Showing posts with label evilmaking. Show all posts
Showing posts with label evilmaking. Show all posts

Wednesday, April 29, 2020

Presentism, promises and privation

It appears that the presentist (and maybe even growing blocker) may not be able to accept either the privation theory of evil, which says that every evil is the lack of a due good, nor the privation theory of evilmaking, which says that every evil either is the lack of a due good or is made evil by the lack of a due good.

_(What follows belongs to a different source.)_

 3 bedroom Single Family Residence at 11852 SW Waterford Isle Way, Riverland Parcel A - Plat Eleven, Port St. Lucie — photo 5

For suppose I promise you that one unspecified day I will do A for you. But it turns out that I never do it. That’s an evil, and intuitively it is an evil because of the lack of fulfillment of the promise, which sure sounds like a privation. But when do we have this evil? Either when I make the promise or at some later time. The nonexistence of future promise fulfillment isn’t the lack of a due good given presentism or growing block. For the nonexistence of future action A is automatic given presentism or growing block, and something automatic like that can’t be an evil. Another way to put the point is that something that would have to be future can’t be such as to be due to exist. Suppose, now, the evil is at some later time. But no later time is such that I ought on that day to do A, since the day for doing A was not specified, so on no day is my failure to do A a lack of a due good.

The growing blocker might at least say that at the last moment of my life the nonexistence of A during the present and past is the lack of a due good—but even that won’t work if I live forever and never do A.

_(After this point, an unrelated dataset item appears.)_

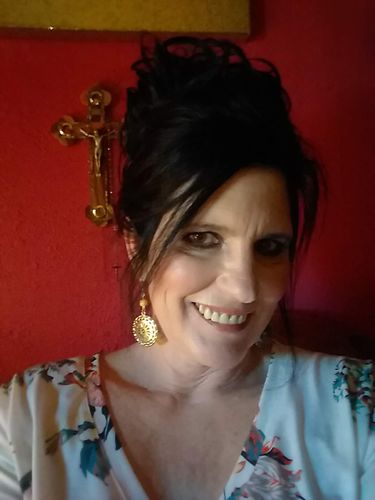 Customer photo review of JuvaBun Messy Bun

The eternalist, on the other hand, can say that the non-existence of A throughout a finite or infinite interval of times can count as the lack of a due good, regardless of whether these times are past, present or future.

Monday, April 20, 2020

Two privation theories

The privation theory of evil says that:

  • If E is an evil, then E is a lack of a due good.

Here is a quick counterexample: Brutus's murder of Caesar. A murder is an evil but it is not a lack of a due good. It causes a lack of a due good (life) and it is caused by a lack of a due good (the virtue of justice), but the murder is not itself a lack of a due good. For a part of Brutus's murder of Caesar is the stabbing motion of his arm. But a lack is not the sort of thing that can have a stabbing motion as a part of it!

But there is a closely related theory that is not subject to the murder counterexample. We might call it the privation theory of evilmaking:

  • If E is an evil, then E either is a lack of a due good or E is made evil by the lack of a due good.

Now, murder is not so clearly a counterexample. An act of murder is an act of killing, but plausibly what makes this act of killing be an evil is a lack of justice.

I am now suspecting that some people who have taken themselves to be upholding the privation theory of evil have in fact been upholding the privation theory of evilmaking.

But it is worth noting that the privation theory of evilmaking doesn’t accomplish everything Augustine needs from his privation theory. What Augustine needs to do is to save the idea that God doesn’t create evils. But if E is not itself a lack but is something that exists and is made evil by a lack, and God creates everything that exists other than God, then it follows that God creates an evil.